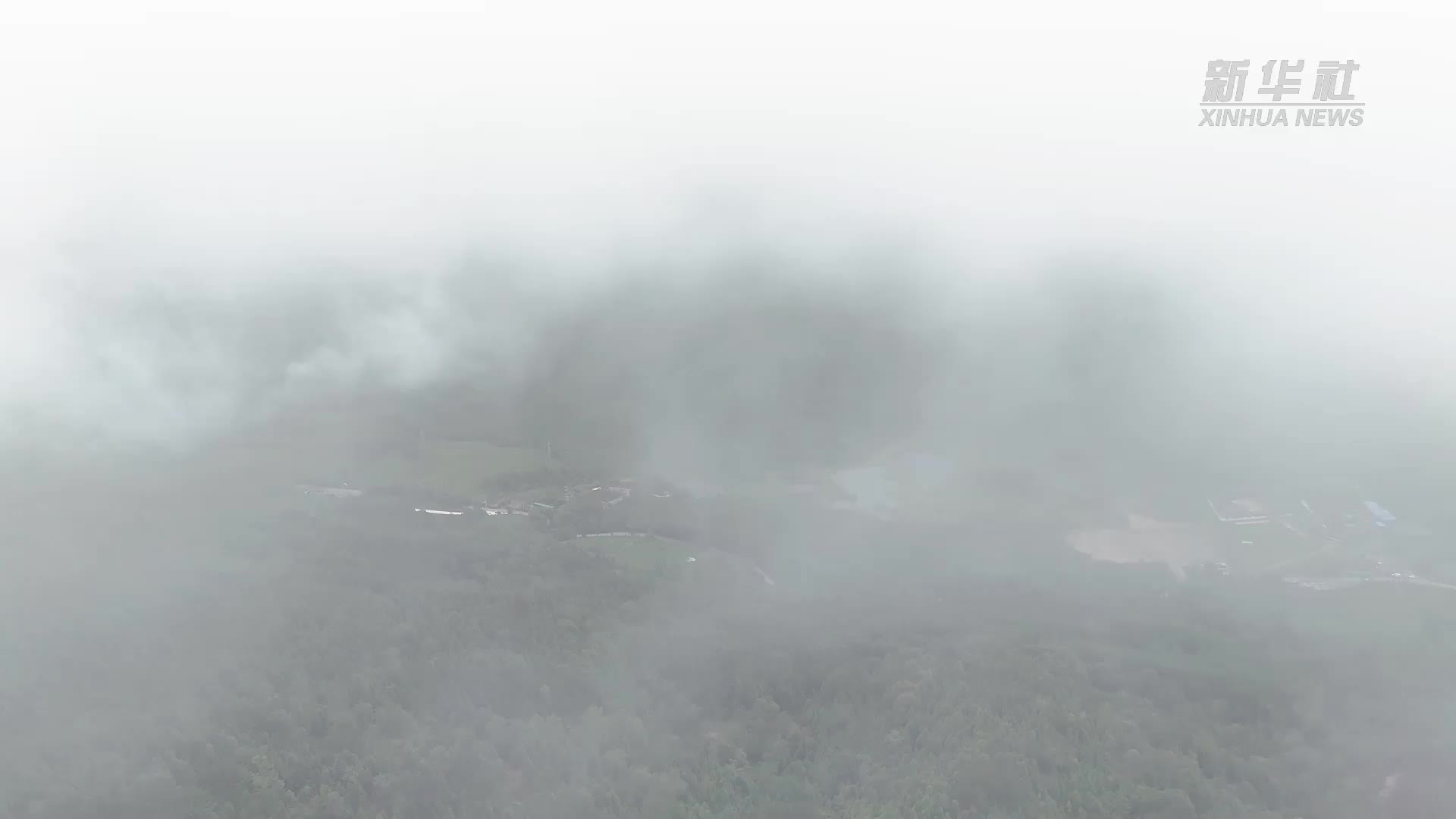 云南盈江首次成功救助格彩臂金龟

────

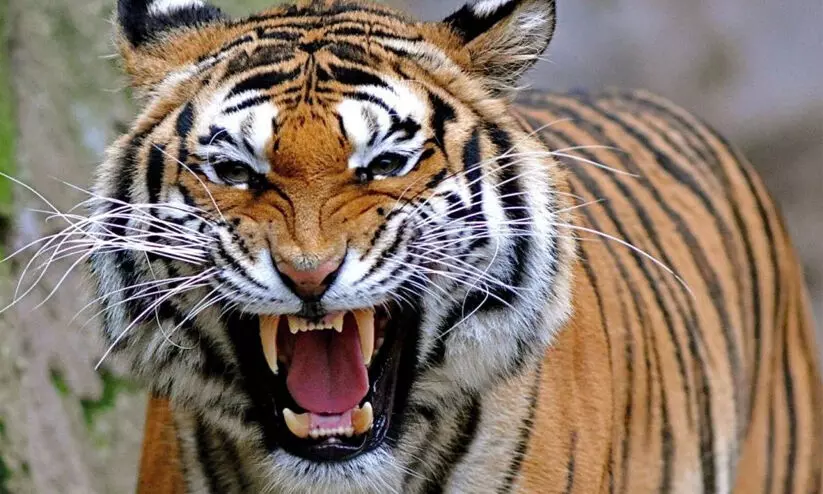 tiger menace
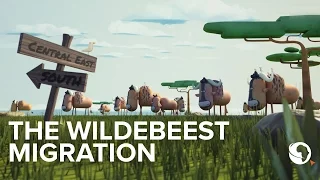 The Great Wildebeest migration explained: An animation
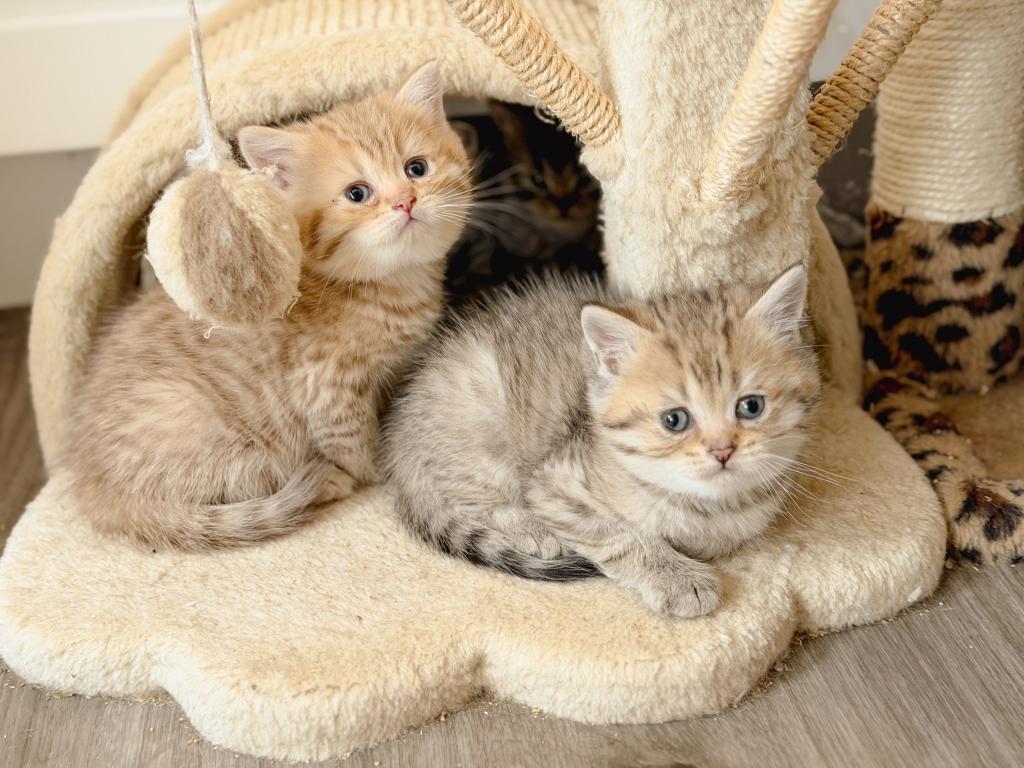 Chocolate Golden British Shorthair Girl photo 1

────

▸ EXERCISE REQUIREMENTS
Set the pictures aside and transcribe exactly the stretch of lines above, beginning with the one holding "The Great Wildebeest" and ending with the one holding "Chocolate Golden British".

▸ ANSWER TO THE EXERCISE
 The Great Wildebeest migration explained: An animation
 Chocolate Golden British Shorthair Girl photo 1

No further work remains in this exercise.